AOC watched; needed more information about impacts on landlords.

HB 4036 Clean Energy Plan
Became SB 1547, above.

HB 4043 Housing; Sale of Real Property to Housing Authority, Effect on Taxation; Recording Fee Increase to Fund Programs [See GOVERNANCE; Recording; Bills that did not pass]

HB 4064 Affordable Housing; Mortgage Loan Fund
Would have created the Affordable Housing Mortgage Loan Fund and continuously appropriated moneys in the fund to the Housing and Community Services Department for the purpose of making deferred loans to a qualified statewide nonprofit organization. Specified conditions under which a statewide nonprofit organization must repay the loan. Required the department by rule to specify qualifications of a statewide nonprofit organization that is eligible to receive a loan from the fund.
AOC supported.

SB 1575 Affordable Housing; Inclusionary Zoning, Income Tax Credit, Expedited Land Use Process as Means
Directed the Land Conservation and Development Commission to encourage local governments to dedicate land for affordable housing. Authorized the commission to establish a process to expedite inclusion within the urban growth boundary of land dedicated to affordable housing. Permitted a local government to require a developer to allocate up to 10 percent of housing units in a new multi-unit development for affordable housing. Allowed expedited land division for developers complying with inclusionary zoning requirements. Permitted Metro to designate up to five sub-regions for consideration for urban growth boundary expansion. Created an income tax credit for development of affordable housing. Ended the moratorium on local governments’ ability to impose construction taxes.
Although some of these proposals were addressed in SB 1533 (above), this bill provided greater benefits to developers. It is anticipated that a similar bill will return in 2017.
AOC supported.

HB 5201 Allocation of Lottery Revenue; Amendment to Adjust Allocation for County Economic Development Projects [See COUNTY FINANCE; Amendment that did not pass]

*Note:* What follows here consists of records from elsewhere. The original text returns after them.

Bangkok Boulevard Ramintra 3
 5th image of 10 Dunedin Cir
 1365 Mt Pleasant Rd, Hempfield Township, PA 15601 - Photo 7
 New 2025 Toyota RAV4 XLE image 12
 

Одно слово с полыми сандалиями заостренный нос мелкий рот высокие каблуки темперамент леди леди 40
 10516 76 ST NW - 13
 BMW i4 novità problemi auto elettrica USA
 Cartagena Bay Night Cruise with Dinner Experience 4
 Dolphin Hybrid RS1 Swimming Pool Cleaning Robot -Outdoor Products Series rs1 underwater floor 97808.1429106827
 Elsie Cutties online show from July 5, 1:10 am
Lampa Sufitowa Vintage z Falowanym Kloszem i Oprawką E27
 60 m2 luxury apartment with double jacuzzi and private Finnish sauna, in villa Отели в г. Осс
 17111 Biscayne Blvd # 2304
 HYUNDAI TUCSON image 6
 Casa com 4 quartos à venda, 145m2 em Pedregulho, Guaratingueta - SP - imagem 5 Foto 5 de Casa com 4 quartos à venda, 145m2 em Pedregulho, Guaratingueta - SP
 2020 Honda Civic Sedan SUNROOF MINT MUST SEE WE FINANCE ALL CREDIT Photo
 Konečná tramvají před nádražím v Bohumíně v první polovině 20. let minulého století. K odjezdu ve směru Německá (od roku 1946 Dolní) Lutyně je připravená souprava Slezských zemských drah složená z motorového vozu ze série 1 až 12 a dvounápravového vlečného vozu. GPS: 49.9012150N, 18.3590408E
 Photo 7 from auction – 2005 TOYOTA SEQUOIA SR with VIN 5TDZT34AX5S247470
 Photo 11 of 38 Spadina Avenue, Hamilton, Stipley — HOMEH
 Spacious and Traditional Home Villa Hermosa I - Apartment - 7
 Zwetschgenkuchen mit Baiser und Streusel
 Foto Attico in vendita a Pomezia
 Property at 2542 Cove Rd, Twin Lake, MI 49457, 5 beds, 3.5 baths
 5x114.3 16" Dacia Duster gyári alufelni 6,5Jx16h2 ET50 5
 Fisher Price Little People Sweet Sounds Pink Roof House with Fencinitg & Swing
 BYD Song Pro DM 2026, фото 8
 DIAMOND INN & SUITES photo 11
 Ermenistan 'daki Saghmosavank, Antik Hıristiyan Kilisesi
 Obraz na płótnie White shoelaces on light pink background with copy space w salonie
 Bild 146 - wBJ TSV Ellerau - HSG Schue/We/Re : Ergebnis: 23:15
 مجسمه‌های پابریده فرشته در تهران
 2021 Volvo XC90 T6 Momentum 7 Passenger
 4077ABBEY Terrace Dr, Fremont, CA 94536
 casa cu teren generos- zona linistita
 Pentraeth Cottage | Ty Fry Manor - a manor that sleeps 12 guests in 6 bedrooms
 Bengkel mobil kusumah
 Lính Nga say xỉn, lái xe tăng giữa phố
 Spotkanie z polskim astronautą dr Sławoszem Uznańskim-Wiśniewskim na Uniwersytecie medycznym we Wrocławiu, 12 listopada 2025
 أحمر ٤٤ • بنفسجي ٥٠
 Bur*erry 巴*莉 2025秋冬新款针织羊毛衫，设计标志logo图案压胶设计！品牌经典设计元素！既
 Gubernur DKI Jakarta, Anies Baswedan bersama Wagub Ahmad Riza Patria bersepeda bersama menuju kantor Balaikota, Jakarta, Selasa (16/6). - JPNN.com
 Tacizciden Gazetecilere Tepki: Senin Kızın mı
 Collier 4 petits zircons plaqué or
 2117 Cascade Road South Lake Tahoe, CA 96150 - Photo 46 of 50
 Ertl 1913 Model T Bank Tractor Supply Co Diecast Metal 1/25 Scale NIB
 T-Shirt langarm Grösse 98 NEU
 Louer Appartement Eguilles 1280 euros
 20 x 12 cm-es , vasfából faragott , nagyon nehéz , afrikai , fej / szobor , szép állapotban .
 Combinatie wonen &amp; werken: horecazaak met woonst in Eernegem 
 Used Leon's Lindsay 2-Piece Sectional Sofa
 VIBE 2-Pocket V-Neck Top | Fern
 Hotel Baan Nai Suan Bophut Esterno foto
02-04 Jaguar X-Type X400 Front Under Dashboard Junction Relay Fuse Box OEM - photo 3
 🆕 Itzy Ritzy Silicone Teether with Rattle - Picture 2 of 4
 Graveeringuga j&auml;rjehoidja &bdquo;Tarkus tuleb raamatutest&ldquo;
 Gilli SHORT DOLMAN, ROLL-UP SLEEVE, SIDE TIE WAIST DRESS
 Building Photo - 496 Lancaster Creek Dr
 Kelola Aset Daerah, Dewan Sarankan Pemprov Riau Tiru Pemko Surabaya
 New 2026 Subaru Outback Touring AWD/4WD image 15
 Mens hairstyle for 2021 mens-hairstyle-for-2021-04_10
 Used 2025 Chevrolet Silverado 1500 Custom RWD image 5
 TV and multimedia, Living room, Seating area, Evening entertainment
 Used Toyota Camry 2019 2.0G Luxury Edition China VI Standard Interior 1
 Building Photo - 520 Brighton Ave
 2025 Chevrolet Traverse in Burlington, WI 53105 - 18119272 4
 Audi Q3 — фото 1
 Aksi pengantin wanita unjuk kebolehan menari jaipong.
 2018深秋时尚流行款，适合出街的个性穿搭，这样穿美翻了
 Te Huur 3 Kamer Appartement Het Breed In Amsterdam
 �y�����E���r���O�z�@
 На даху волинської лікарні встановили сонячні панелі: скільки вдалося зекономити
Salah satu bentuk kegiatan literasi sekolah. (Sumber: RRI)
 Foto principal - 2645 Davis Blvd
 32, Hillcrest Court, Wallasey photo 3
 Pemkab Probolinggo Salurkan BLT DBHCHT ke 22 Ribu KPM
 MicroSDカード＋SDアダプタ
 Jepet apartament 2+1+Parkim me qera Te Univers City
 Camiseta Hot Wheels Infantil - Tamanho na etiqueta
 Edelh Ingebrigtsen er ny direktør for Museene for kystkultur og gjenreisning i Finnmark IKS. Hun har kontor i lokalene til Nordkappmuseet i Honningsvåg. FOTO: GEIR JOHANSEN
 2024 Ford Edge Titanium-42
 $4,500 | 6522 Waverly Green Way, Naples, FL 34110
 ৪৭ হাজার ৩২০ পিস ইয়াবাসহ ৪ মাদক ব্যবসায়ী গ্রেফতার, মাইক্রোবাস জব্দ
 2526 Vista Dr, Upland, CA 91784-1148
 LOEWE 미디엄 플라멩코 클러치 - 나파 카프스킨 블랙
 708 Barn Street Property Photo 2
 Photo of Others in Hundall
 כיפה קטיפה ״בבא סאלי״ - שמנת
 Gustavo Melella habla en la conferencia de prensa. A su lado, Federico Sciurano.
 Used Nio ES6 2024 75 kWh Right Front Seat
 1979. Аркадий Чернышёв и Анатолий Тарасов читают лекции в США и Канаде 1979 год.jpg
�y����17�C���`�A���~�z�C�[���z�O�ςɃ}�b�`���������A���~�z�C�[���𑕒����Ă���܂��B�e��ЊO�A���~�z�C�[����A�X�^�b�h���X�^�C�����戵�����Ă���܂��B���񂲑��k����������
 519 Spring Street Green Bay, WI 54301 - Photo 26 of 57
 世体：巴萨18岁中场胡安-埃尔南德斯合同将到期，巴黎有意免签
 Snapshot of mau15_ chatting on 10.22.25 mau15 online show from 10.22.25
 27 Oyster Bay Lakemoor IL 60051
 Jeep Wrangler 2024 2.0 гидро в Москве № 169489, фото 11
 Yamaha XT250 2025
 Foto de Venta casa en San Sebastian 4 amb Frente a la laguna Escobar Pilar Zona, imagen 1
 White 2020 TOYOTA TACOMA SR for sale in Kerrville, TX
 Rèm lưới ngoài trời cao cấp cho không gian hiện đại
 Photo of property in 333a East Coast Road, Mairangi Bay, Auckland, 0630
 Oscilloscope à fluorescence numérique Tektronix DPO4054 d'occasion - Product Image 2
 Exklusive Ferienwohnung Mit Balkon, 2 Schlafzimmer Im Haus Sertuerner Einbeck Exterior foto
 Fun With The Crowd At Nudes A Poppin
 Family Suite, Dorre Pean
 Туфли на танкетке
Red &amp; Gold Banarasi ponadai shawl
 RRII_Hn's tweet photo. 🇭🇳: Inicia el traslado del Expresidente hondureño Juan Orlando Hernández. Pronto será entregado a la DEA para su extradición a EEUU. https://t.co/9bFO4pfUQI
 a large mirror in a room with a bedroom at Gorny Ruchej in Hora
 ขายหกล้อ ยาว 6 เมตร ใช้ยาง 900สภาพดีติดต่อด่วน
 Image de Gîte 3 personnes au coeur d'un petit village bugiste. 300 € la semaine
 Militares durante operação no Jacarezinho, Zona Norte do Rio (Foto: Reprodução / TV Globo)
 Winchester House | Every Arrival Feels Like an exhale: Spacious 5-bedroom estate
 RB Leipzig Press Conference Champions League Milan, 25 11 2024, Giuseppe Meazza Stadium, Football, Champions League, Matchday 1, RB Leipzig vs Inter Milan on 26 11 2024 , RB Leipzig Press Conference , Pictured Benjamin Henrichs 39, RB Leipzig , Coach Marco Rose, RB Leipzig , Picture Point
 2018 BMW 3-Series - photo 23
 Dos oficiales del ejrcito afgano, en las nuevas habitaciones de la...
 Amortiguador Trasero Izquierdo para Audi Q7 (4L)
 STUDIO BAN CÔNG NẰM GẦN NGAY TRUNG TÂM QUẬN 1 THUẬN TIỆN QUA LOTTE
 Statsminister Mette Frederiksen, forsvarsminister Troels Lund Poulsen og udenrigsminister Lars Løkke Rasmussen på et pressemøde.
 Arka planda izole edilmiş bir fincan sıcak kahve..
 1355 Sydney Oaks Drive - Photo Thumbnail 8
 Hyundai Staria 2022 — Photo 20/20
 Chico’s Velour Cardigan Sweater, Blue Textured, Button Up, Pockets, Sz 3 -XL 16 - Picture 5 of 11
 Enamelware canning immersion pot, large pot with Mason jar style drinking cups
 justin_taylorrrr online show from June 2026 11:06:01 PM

The Senate Finance and Revenue Committee lifted a trial balloon (SJR 201) that contained a potential portion of what may become comprehensive public finance reform, but standing alone the property tax reform idea looked inadequate and garnered no support.


Property Taxation

HB 4081 Property Tax Expenditures; Low-Income Housing
Effective date: June 2, 2016 Chapter: 40 (2016 Laws)
Extends to 2022 the sunset of exemption from ad valorem property taxation for property of a non-profit corporation that, for tax year beginning on July 1, 2012, was actually offered, occupied, or used as low-income housing and granted an exemption by the county.
In the February 2013 Oregon Tax Court decision of Corvallis Neighborhood Housing Services Inc v. Linn County Assessor and Department of Revenue, the court upheld the assessor’s rejection of exemption under ORS 307.130 for plaintiff’s low income rental housing property. In the decision, the Tax Court acknowledged that the plaintiffs were a qualifying charitable nonprofit, however, because the property in question was leased to private individuals and used solely as personal residences, the property did not qualify for exemption under ORS 307.130. This decision of the Tax Court effectively removed the availability of exemption under ORS 307.130 for the properties in question along with all like properties throughout Oregon. Passed in 2014, HB 4039 provided an exemption under ORS 307.130 for charitable nonprofit property that was offered, occupied, or used as low-income housing and granted an exemption under ORS 307.130 by the county for the tax year beginning on July 1, 2012. HB 4039 effectively grandfathered the low-income housing property that was qualifying for exemption at the time, through property tax year 2017, when the sunset provision of HB 4039 took effect. Low-income property owned by charitable nonprofits that was not receiving exemption as of July 1, 2012, does not qualify for exemption under ORS 307.130. Parties to Corvallis Neighborhood Housing Services v. Linn County Assessor have since settled. The settlement vacated the Tax Court’s decision and provided exemption to plaintiffs under the same conditions of exemption made available in HB 4039.
Revenue impact to counties: $30,000 to $50,000 annually until sunset.
AOC was neutral.

HB 4084 Property Tax Incentive Programs; Brownfields
Effective date: June 2, 2016 Chapter: 96 (2016 Laws)
Authorizes a city, county or port to adopt an ordinance or resolution providing property tax incentive programs that grant a special assessment to brownfields or an exemption to new and existing improvements and personal property on brownfields for period of up to 10 years, with additional period up to five years based on locally adopted criteria. Caps the dollar amount of benefits at specified eligible costs for property.
Revenue impact to counties: Indeterminate.
AOC supported this bill and other efforts to clean-up brownfields, returning property to productive use.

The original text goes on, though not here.